- Short Report
- Open Access
Heat-induced and spontaneous expression of Hsp70.1Luciferase transgene copies localized on Xp22 in female bovine cells
BMC Research Notes volume 3, Article number: 17 (2010)
Expression of several copies of the heat-inducible Hsp70.1Luciferase (LUC) transgene inserted at a single X chromosome locus of a bull (Bos taurus) was assessed in females after X-chromosome inactivation (XCI). Furthermore, impact of the chromosomal environment on the spontaneous expression of these transgene copies before XCI was studied during early development in embryos obtained after in vitro fertilization (IVF), when the locus was carried by the X chromosome inherited from the bull, and after somatic cell nuclear transfer (SCNT) cloning, when the locus could be carried by the inactive Xi or the active Xa chromosome in a female donor cell, or by the (active) X in a male donor cell.
Transgene copies were mapped to bovine Xp22. In XXLUCfemale fibroblasts, i.e. after random XCI, the proportions of late-replicating inactive and early-replicating active XLUCchromosomes were not biased and the proportion of cells displaying an increase in the level of immunostained luciferase protein after heat-shock induction was similar to that in male fibroblasts.

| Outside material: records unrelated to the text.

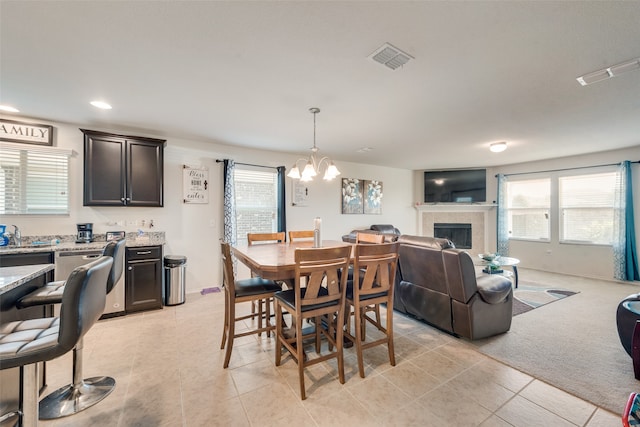 dining room featuring an inviting chandelier, a tile fireplace, and light tile patterned floors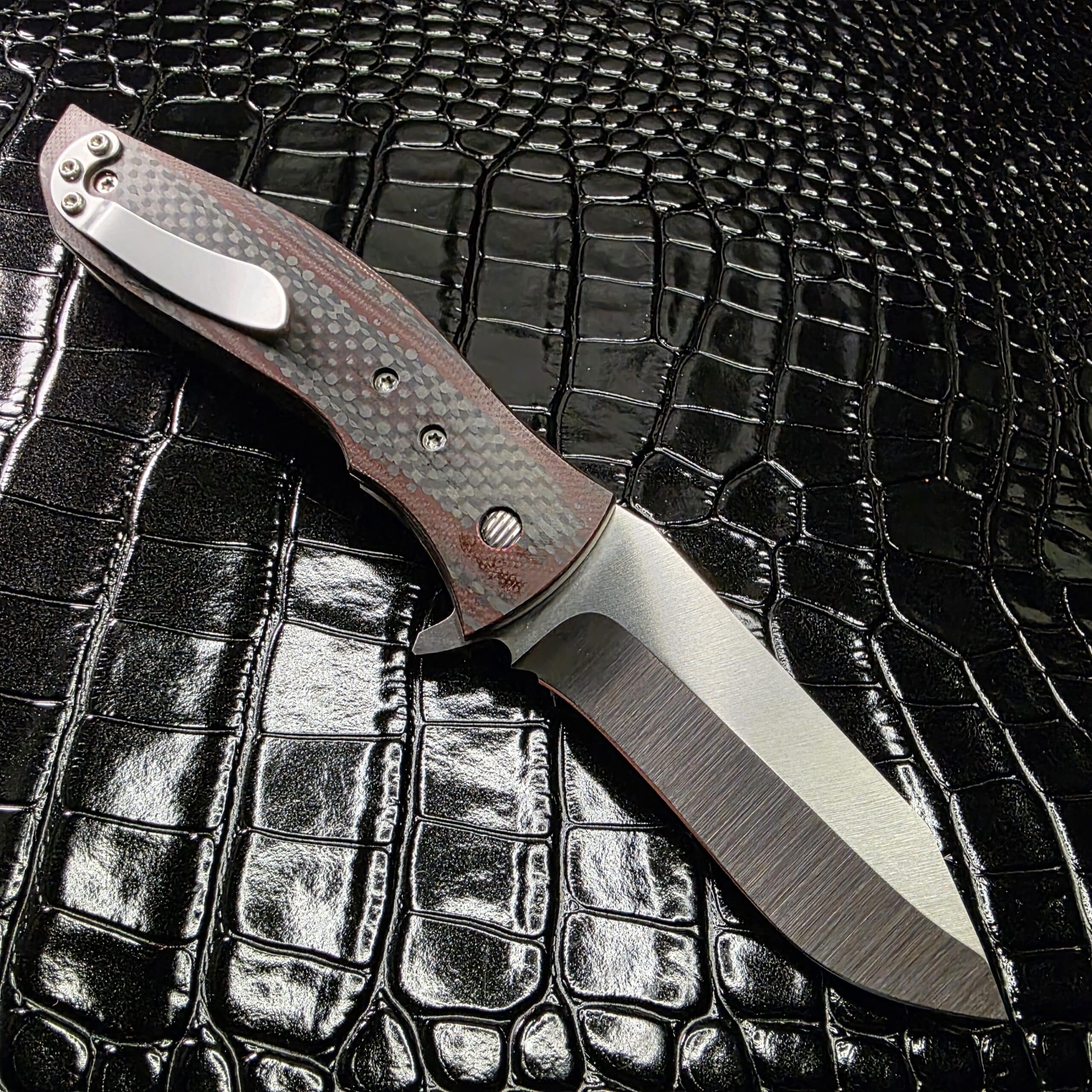Clip side of Greg Lightfoot Bullwhip showing pocket clip and lock mechanism.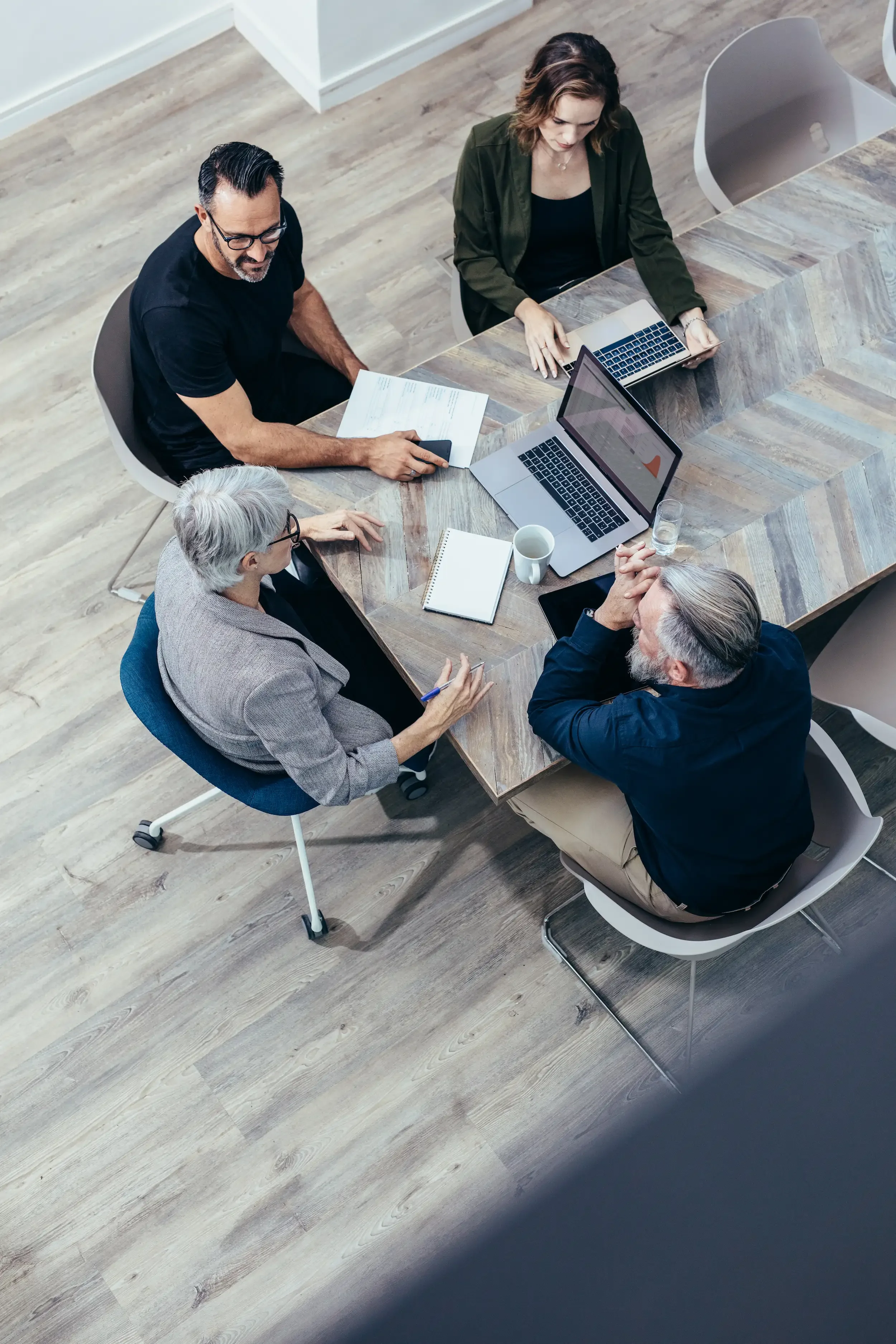 Four professionals discuss SEO copywriting strategy around a table with laptops and notepads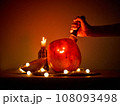 A hand thrusts a knife into a comically carved Halloween pumpkin on a table, surrounded by lanterns 108093498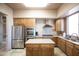 Well-equipped kitchen with stainless steel appliances, custom cabinets, and a central island at 34457 N Legend Trail Pkwy # 1013, Scottsdale, AZ 85262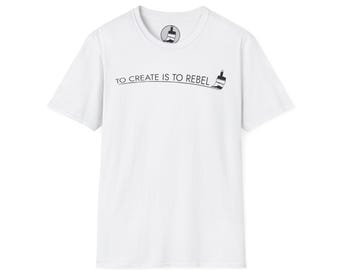 Puede incluir: Camiseta blanca con el texto negro "TO CREATE IS TO REBEL" y un dibujo de pincel. La camiseta tiene cuello redondo y mangas cortas. Un pequeño logotipo de pincel está en la parte superior de la espalda.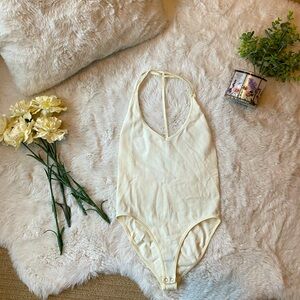 White low cut low back body suit.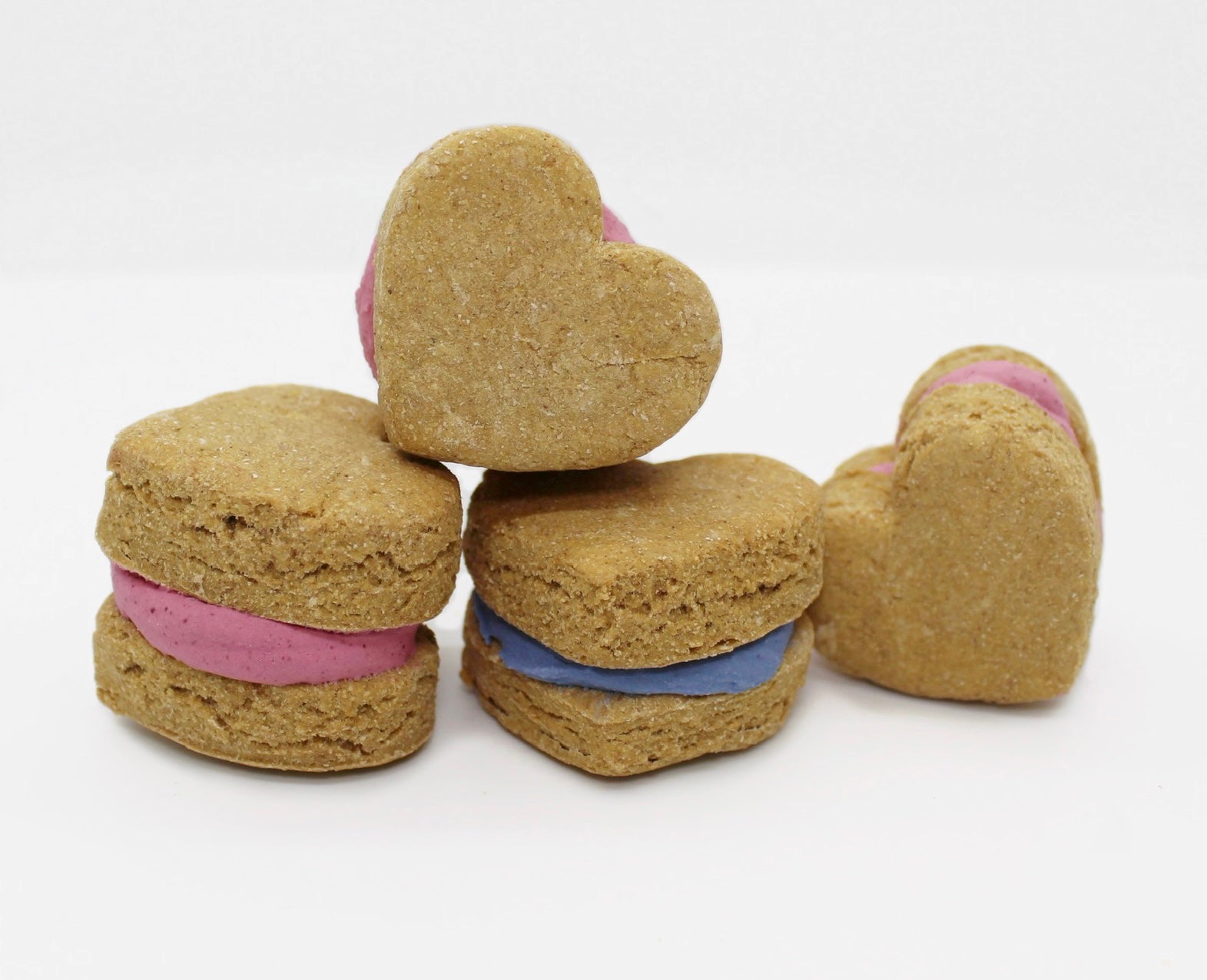 Four apple and banana heart shaped whoopies with dog safe icing in the middle. Three of the whoopies have pink icing in the middle and one has blue icing.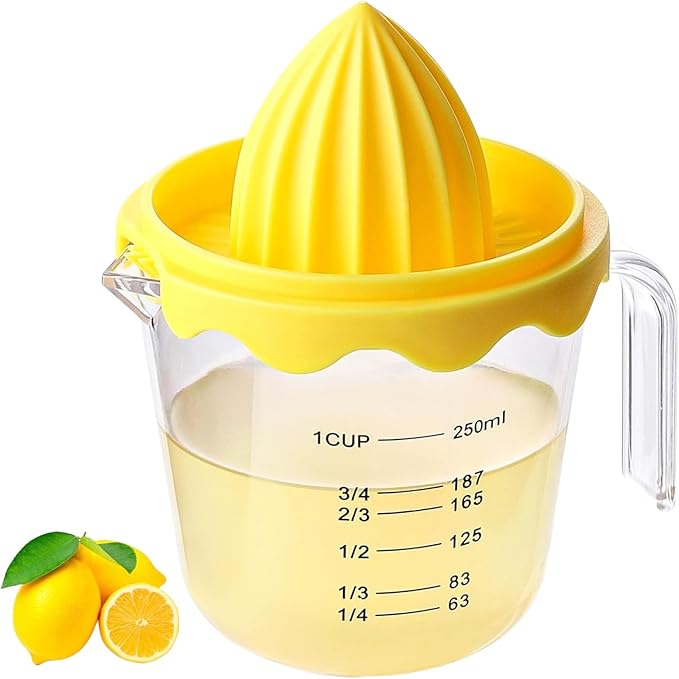 Yellow manual juicer with a clear measuring cup filled with lemon juice, accompanied by lemons on a white background.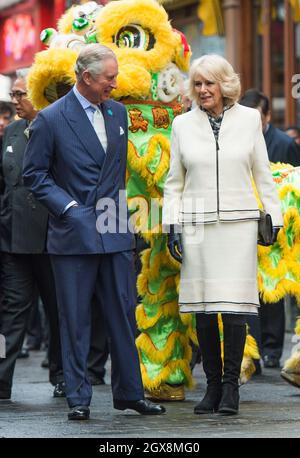 Prinz Charles, Prinz von Wales und Camilla, Herzogin von Cornwall posieren mit einem tanzenden Drachen während eines Besuchs in Chinatown in London zum chinesischen Neujahr am 19. Februar 2015. Stockfoto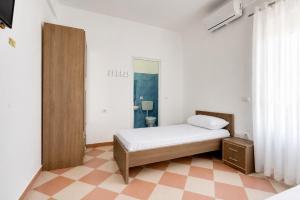 a white bedroom with a bed and a mirror at South Hotel Berat in Uznovë
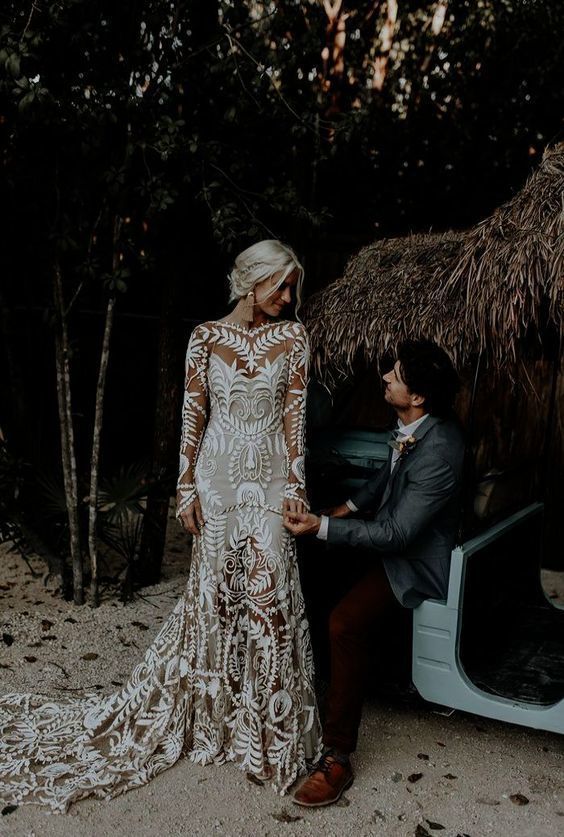 a super romantic boho lace wedding gown with a train and long sleeves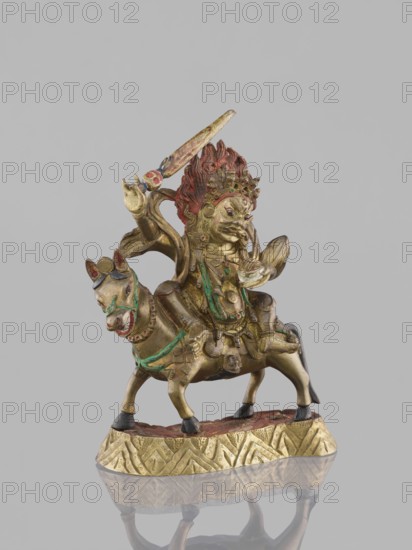 Palden Lhamo, revindication, Tibetan Buddhist art figurine, Tibetan culture; Choynowski, Józef; Buddhist art depiction of dharmapala with mules and skulls; Dawidow, Alexander Petrovich; 19th century; China, or Mongolia ; sculpture; height 14.8 cm, width 13.0 cm, A small metallic statue depicts a figure riding an animal, both mounted on a decorative base; the sculpture shows a few areas of red, green, gold, black, and hints of blue, with the rider featuring a prominent red mane and gold facial details, the animal mostly gold with green accents and black hooves, and the base showing gold with reddish-brown on top, all set against a plain light gray background.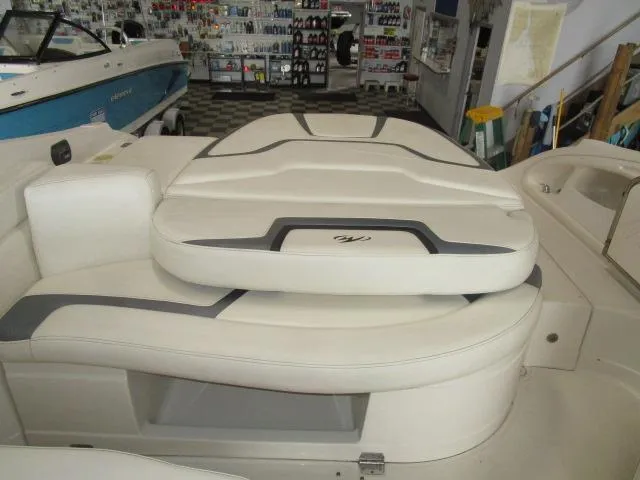 Slide: The Image of 2007 Monterey 298SSX Super Sport boat interior with white cushioned seating. - 14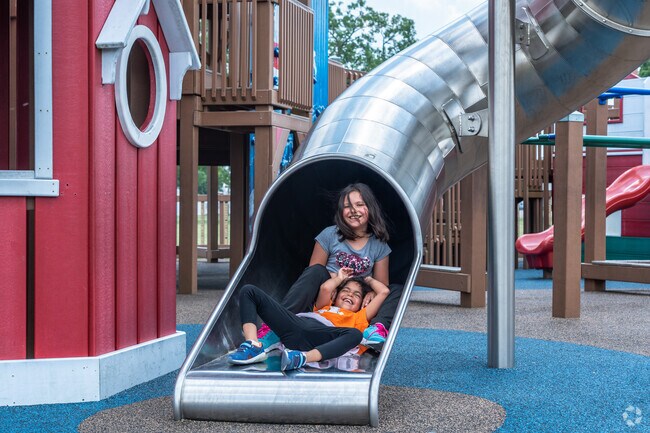 Kenosha Dream Playground near St. Peter's has a great slide for kids.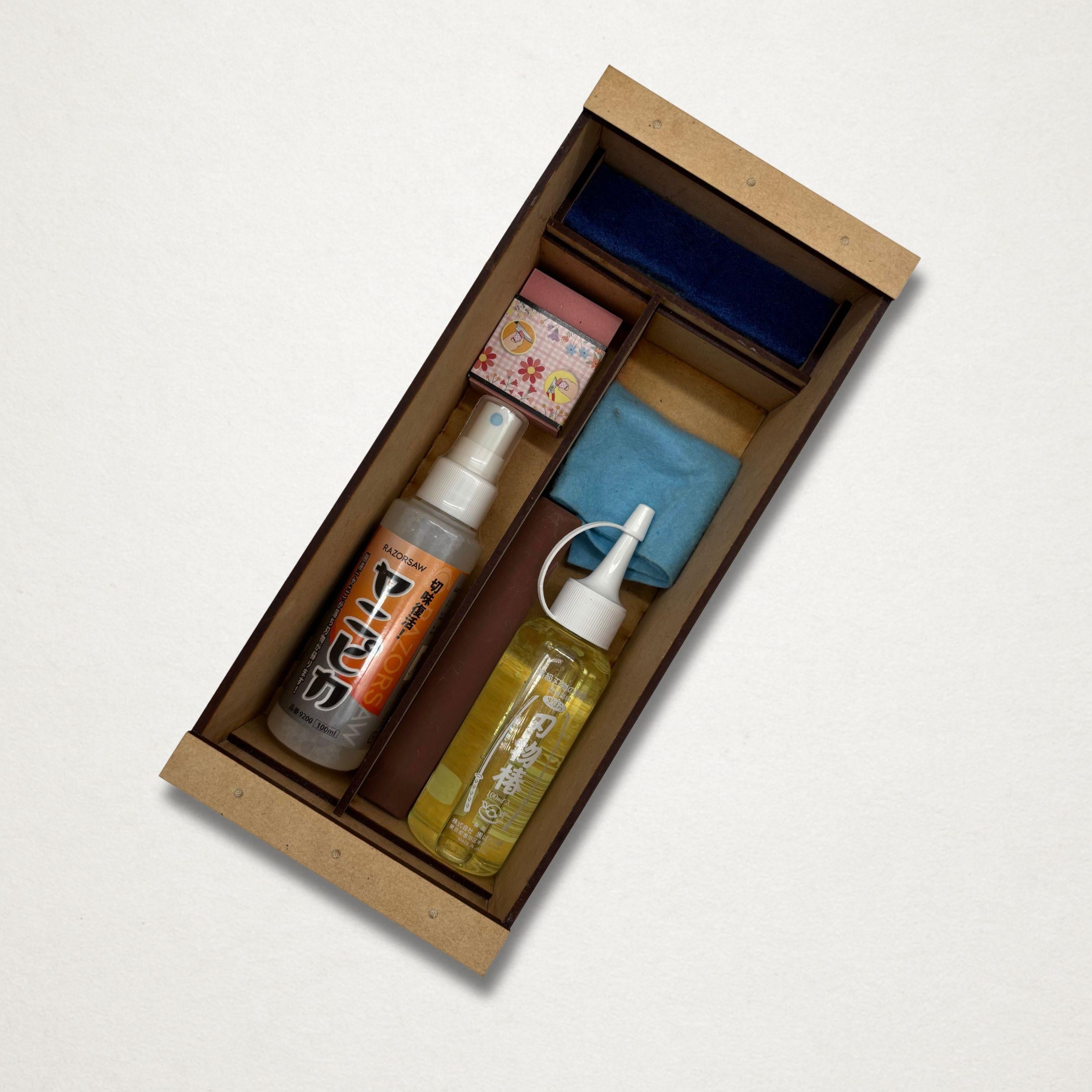 Japanese garden tool maintenance kit in a handmade wooden toolbox with camellia oil, blade cleaner, cloth and sharpening stone.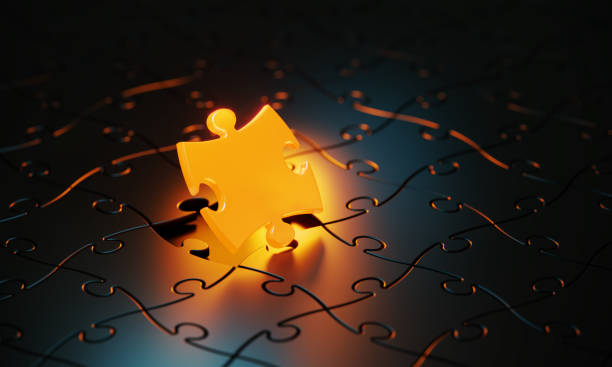 istock Orange Jigsaw Puzzle Piece Glowing On Black Background 1481232449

Spontaneous transgene expression occurred at the 8-16-cell stage both in transgenic (female) embryos obtained after IVF and in male and female embryos obtained after SCNT.
The XLUCchromosome is normally inactivated but at least part of the inactivated X-linked Hsp70.1Luciferase transgene copies remains heat-inducible after random XCI in somatic cells. Before XCI, the profile of the transgenes' spontaneous expression is independent of the epigenetic origin of the XLUCchromosome since it is similar in IVF female, SCNT male and SCNT female embryos.
Menck and colleagues have reported a luminescent screening system based on the integration of a transgene composed of scaffold attachment regions flanking the murine HSP70.1 gene promoter linked to firefly luciferase cDNA . Among the transgenic fetuses obtained, one male carried a cluster of 20 to 30 copies of the transgene . Later, somatic cell nuclear transfer (SCNT) cloning with cells from this fetus generated a healthy and fertile bull for which we have localized the transgenic cluster on the X chromosome (this report). Thus an interesting animal model was available to investigate the inactivation/activation status of transgenes in bovine female fetuses from this bull. Indeed, dosage compensation between male and females is achieved after X-chromosome inactivation (XCI) in mammalian female cells, i.e. one of the two X, the inactive X (Xi) chromosome, is in great part transcriptionally silent [2, 3]. At least in domestic mouse, XCI occurs in two waves early during development (reviewed in [2, 3]). First, both X chromosomes are transcriptionally active during a short developmental window of the cleavage phase. Then, most studies agree that the paternally inherited XP chromosome becomes inactivated by the blastocyst stage [2, 3] and also in most placental cells. In the epiblast cells, both X chromosomes are again transiently active, before random XCI during gastrulation . This results in a mosaic of two somatic cell types expressing X-linked genes inherited either from the mother or the father.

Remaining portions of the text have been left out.